Eibhlín Ní Chathailriabhaigh (June 1, 1910 – June 7, 2001) was an Irish speaker and activist in the Irish language movement.

Ní Chathailriabhaigh was born in Donnybrook, Dublin on June 1, 1910, to Michael Colleary and Nora Brodrick. She was one of two girls and had two brothers, one of whom was Seán Colleary, an actor, who married the famous theatre personality Phyllis Ryan in May 1943. Ní Chathailriabhaigh attended Donnybrook Primary School where Irish was taught as an extra class after school hours. She then went on to The Commercial School, Rathmines. She went to work for the Civil Service as a writer. She worked in the Land Commission before being transferred to the Department of Education. She was the first civil servant given a release to go learn Irish in the Gaeltacht when she won a scholarship in 1928.

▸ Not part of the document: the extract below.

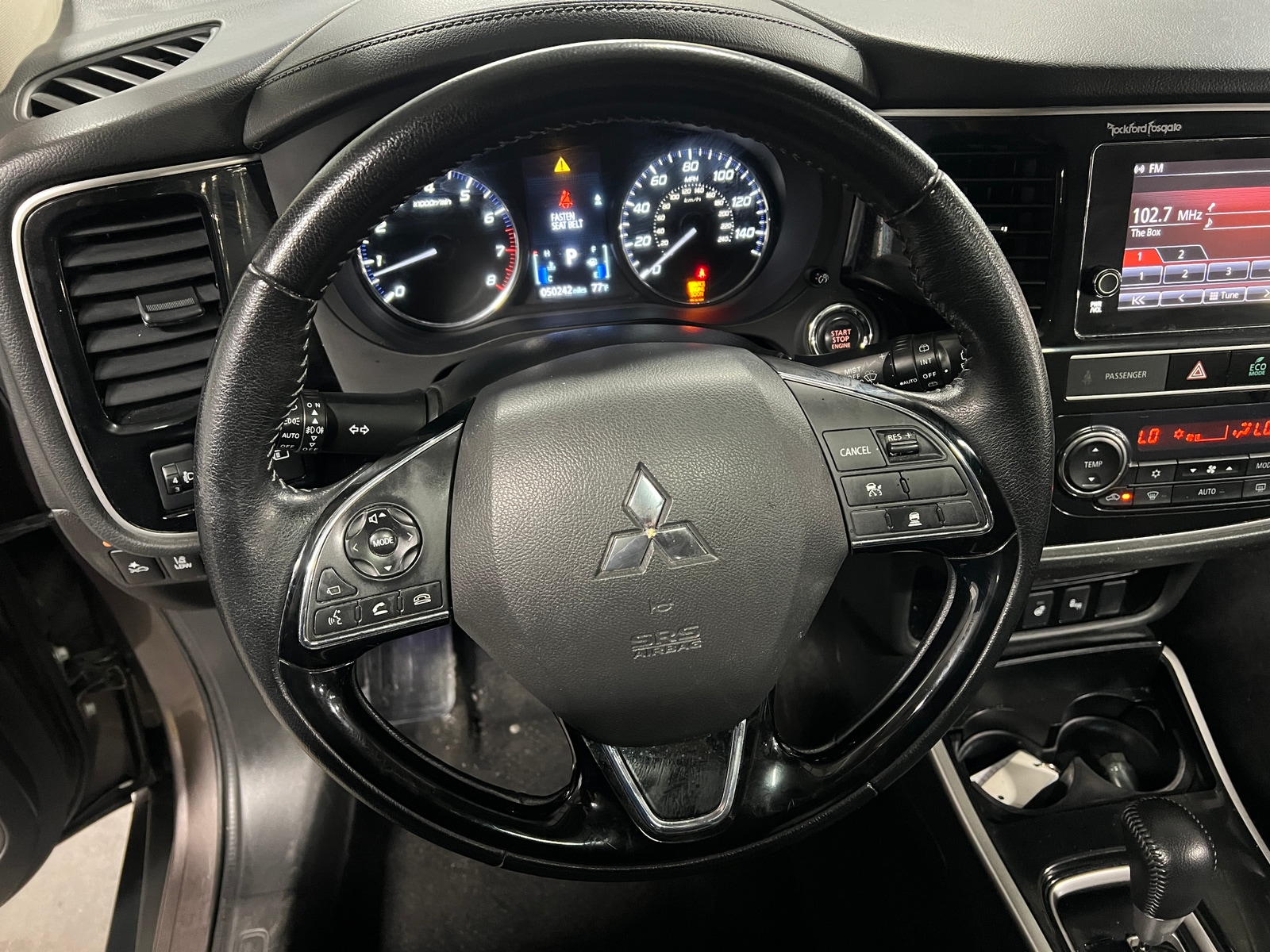 Thumbnail: 2019 Mitsubishi Outlander - 4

From 1927 she was a member of Conradh na Gaeilge, teaching Irish classes there. Ní Chathailriabhaigh attended Oireachtas na Gaeilge in 1931 before she was one of the founders of the revived Oireachtas na Gaeilge again in 1939, together with Dónall Ó Dúill, and she later became secretary of the Oireachtas. She was President of the festival in 1971 and chairperson from 1981 to 1986.
Ní Chathailriabhaigh was secretary of the National Irish Language Association from the year it was founded 1943–1947. She was also a member of the committee of the Irish Language Drama Association.

Ní Chathailriabhaigh produced a number of plays. One of them won a trophy and was shown on Radio Éireann.

Ní Chathailriabhaigh died on 7 June 2001.